It remains that they who weep be as though they wept not. Let the same lesson of sobriety & self-command be extended to our griefs. Weep we must, at some times or at others. We are born to trouble. Sufferings of affection of body or mind may—must be in a greater, or less degree the allotment of all. But how proper is the regulation of these sensations, and the government of these sorrows, under the view of our short & transitory state & eternal prospects? The law of change, which brings on the night of sorrow, may in the time appointed occasion the darkness to vanish before the light of prosperity. But if the cloud be not removed in this world, whatever afflictions befal us here will soon be lost in the joys or sorrows of another state of being. Live as Christians, & these tears will not always flow, nor these sighs forever heave our hearts. We can sigh no longer than the vital breath inspires our lungs; & we can weep only till death stops the fountains of our tears—death, which may be near, & which cannot be distant. When the short round of our earthly existence is finished, if we have profited as we ought, by lessons & warnings, & are among God’s dutiful children, his compassionate hand shall wipe our tears; and, cheered by his reviving presence, the days of mourning shall be ended. And if the discipline of our heavenly Father be ineffectual, and we refuse correction, if we have not applied events & warnings for the correction of what he condemns, for the confirmation & increase of what he approves in our characters, if we are not the better, are perhaps even the worse, for what we suffer, we have something else to weep for than our afflictions—our sins. We have other & greater sorrows to fear hereafter, sufficient to destroy the sense of any that can overwhelm us in time. Let us feel the strokes of God’s hand; and for the reasons which he has presented to our minds, set bounds to our griefs. Far from us be discontent or murmuring at those severe allotments, which it is given to the lovers of God to convert into ultimate good. In sorrow be there preserved a sense of God’s infinite & abundant mercies. Like men and christians let us feel calamities, & like men & christians bear them.

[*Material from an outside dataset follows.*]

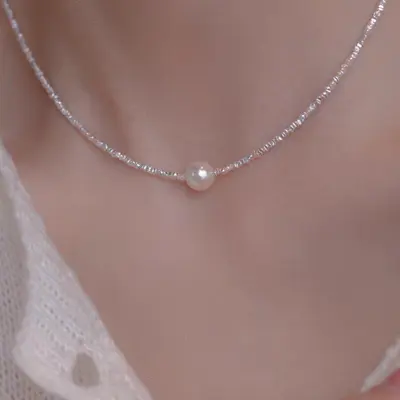 Silber-Perlenhalsband für Damen, verbrauchtes Silber, verstellbare Kette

It remaineth that they who rejoice be as though they rejoiced not. God desireth not that heaviness in the heart, which maketh it stoop, or that sorrow, by which the spirit is broken. There is a joy, which is a part of religious obedience; which is good for the health of the body & the vigor and activity of the mind; which keeps the heart open to social affections, to the comforts of existence, & able to resist the weight of its troubles. To promote it, God hath made the face of creation to inspire complacency; hath taught us that we ought to be thankful for a being in his world, & that a habitual gratitude to the author of nature, is explicit praise & thanksgiving to providence. In the gospel, light is sown for th righteous, and gladness for the upright in heart. It contains doctrines & precepts & prospects, which minister to the cheerfulness & joy of those who cordially embrace them. The christian believes in a particular providence, reaching to every circumstance in the world, & to the minutest events in his life. He has a constant object of attention & exertion, doing his duty and working out his salvation; which preserves him from the languor & dejection of idleness. His heart is expanded with benevolent affections, which are all the friends of joy; and hope sends her cheering beam across the darkness. Surely, he ought to rejoice, who has this spirit & this hope. To him, every thorn becomes a flower, & the most rugged way is smoothed. Here are joys, which no man taketh from us, which continue in trouble, & out of trouble, in solitude & society, in life & death.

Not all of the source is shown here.